4. STONITH in Two-Node Systems

It is commonly understood that two node systems are a special case in high-availability systems for two reasons:

Simple quorum mechanisms require an odd number of nodes (although one can use a quorum device to help this out)
The majority of high-availability systems are two-node systems, since this is the minimum size cluster required to provide failover

Two node systems are attractive and desirable, because they minimize cost and complexity, but quorum mechanisms don't work ideally with two-node systems. An interesting question is "What happens if you have a two node system using STONITH but no quorum mechanism?"

The following cases come up when one operates a two-node system equipped with STONITH, but without quorum:

One node is operational, and one is disabled or dead
Both nodes disabled or dead
Both nodes alive, but incommunicado

Each of these cases will be considered in turn:

4.1 One node operational, one disabled or dead

This is the most common case in properly configured clusters. The operational node will STONITH the other node, which will attempt to reboot. If it is able to reboot, then it will often join the cluster and things will continue on in a reasonably normal way. Reboots clear up a multitude of software, firmware and hardware problems. Of course, if the node does not successfully reboot after being reset, then it will not rejoin the cluster.

4.2 Both nodes disabled or dead

This is the least interesting case. The cluster has suffered multiple simultaneous failures from which no automatic recovery is possible without extra hardware support (watchdog timers, etc.).

4.3 Both nodes alive and well, but incommunicado

This is the most interesting case. If the cluster is configured according to the accepted best practice of having multiple independent communications mechanisms [MIL99] (for example, serial and ethernet), then the system has suffered multiple failures. The cluster may or may not be able to recover from this. But, whether or not it can recover from these multiple failures, protection of the integrity of cluster resources is still of paramount importance. There are a few subcases to consider:

Communication failure was caused by failure of something which is cured by a system reset
Communication failure is not caused by something which will be helped by a system reset.

4.3.1 Communications fixed by a system reset

If the node which was reset was the one which had the fault leading to communications failure, then things will recover and all is well. If the node which was reset was not the one with the communications fault, then when it reboots, communications will still be faulty. However, this time, the rebooted node will reset the other (faulty) node and communications will be restored. Although it took an extra reboot cycle to reset the proper node, at no time were the sharing rules for resources broken, so the integrity of the resources was preserved. In order to maximize the probability of resetting the right node in the first place, the FailSafe system has an interesting strategy. If a node wants to reset its peer and the other node in the cluster has been a member of the cluster longer than it has, it waits an extra period of time, to allow the other node the opportunity to reset it first. If a system has had stability problems, this increases the chances that the unstable node (the youngest node) will be reset by the stable node (the oldest node). This strategy is informally described as "the oldest node shoots first". This also has the effect of minimizing the probability that both nodes will shoot each other simultaneously.

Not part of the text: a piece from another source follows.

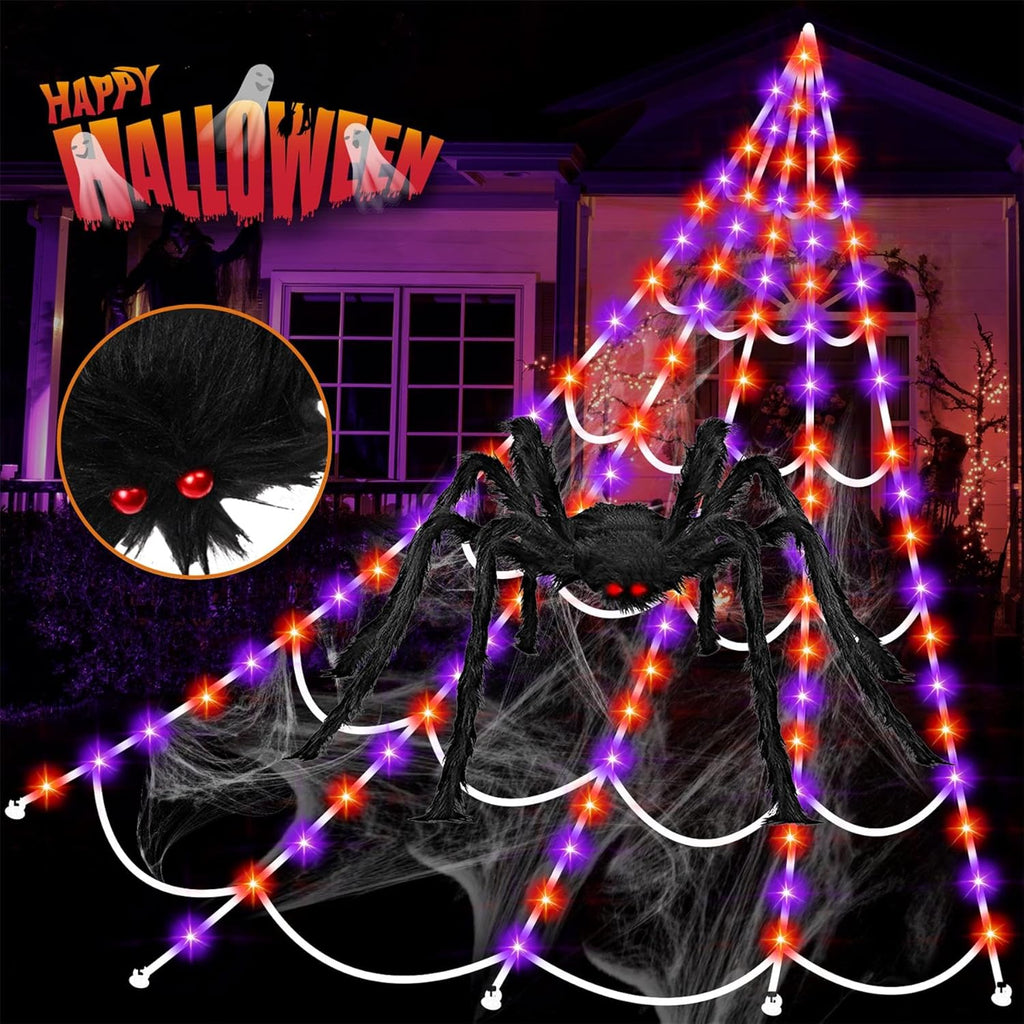 Xylobyte Halloween Decorations Outdoor, 200 LEDs Spider Web Lights, with 8 Lighting Modes Waterproof for Outdoor Yard Halloween Decorations (Purple & Orange)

4.3.2 Communications not fixed by a system reset

This case is the least satisfactory. In this case, the nodes enter into a behavior with one being reset, then resetting the other, which reboots and resets it and so on. This cycle will continue until the communications problem is resolved or a human being intervenes. This is not a very satisfactory behavior. However, there are several things to keep in mind about this situation:

The integrity of the resources is still preserved
Multiple simultaneous failures have occurred - this cannot always be recovered from by any cluster system.
If the cluster is configured to communicate across those subnets which customers use to reach the cluster as well, then it probably cannot provide useful service until these networks begin operating again.
If one established quorum through a quorum device (like a router or a shared disk), then service would also not likely be available in these circumstances (although the systems wouldn't be rebooting each other).

This subcase illustrates a good reason why it is desirable to send cluster control traffic across multiple independent links. When practical, the author recommends that one of the links should be something simple like a serial link - because serial links have few points of failure. They don't require external devices (like hubs) or additional power, and are a mature and highly reliable technology. As a practical matter, the author also suggests that one screw the cables into the connectors so they cannot fall out or be pulled out by mistake.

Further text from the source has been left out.